During the winter, SUNY Delhi students stayed in the camp rooms as dorms, while the summer camp was closed. The farm became a favorite spot for young people and many stories still circulate today, including how young men during the night would traverse the woods to try and secretly visit the college girls who lived in the big barn (now known as the Blue Barn).
The Rabeler family ran the camp until 2005 when they retired and they decided to sell the farm. It was procured by a retreat center called the Point Horizon Institute, which leased and later sold the farm in 2010 to a new girl's camp called "Camp Move It". The camp coordinators painted the buildings in some wild colors - recognizable for many in the area - with the camp itself only lasting for two summers before closing and putting the property up for sale again in 2011.

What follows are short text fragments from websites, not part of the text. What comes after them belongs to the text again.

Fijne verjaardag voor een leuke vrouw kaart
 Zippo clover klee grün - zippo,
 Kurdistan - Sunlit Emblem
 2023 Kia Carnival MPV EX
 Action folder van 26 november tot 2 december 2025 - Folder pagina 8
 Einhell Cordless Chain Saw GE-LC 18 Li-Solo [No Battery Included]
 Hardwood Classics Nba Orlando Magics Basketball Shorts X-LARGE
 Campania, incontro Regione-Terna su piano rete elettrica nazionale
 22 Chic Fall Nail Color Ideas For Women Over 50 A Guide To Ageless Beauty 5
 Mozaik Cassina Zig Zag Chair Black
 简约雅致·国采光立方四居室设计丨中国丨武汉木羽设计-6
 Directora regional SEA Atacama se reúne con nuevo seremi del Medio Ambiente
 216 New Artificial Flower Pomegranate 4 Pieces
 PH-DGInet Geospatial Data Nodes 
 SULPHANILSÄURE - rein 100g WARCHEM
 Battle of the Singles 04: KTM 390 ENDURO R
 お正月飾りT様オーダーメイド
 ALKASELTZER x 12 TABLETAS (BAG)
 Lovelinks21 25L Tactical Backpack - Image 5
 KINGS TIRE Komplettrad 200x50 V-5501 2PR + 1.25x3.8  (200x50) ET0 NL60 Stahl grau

The property then sat on the market for years until it was bought at an auction in 2016 by a private owner and NYC real estate developer for a fraction of its original listed price. At this time, the farm was in disarray, with heavily overgrown fields, buildings that had been squatted in, roofs fallen in, several water leaks and black mold. The new owner renovated the Main House and some of the Carriage House (aka the Pink Carriage House or Pink Barn). He later sold the property in 2021 to the current rental property business, who leases the property to the School.
The original farm had over 400-450 acres of land, of which 350-400 acres were later sold to New York City and turned into public land, leaving only 50 acres remaining, when the current owners took over. The only neighbor to the school now, other than NYC public land, is the farm to the left when looking at the property from Route 5 (aka "Pink Street"). It was once a Miller family farm too (a brother to the other Miller), and has been privately owned for decades as a second home by the owners.
A fascinating remnant from the Miller era is the ice pond, which was used to cut out ice chunks for food and dairy cool storage The original wall structure that dammed the water in the brook - and which created the pond - still stands. You can see it by walking along the back brook past the animal shed and machine barn.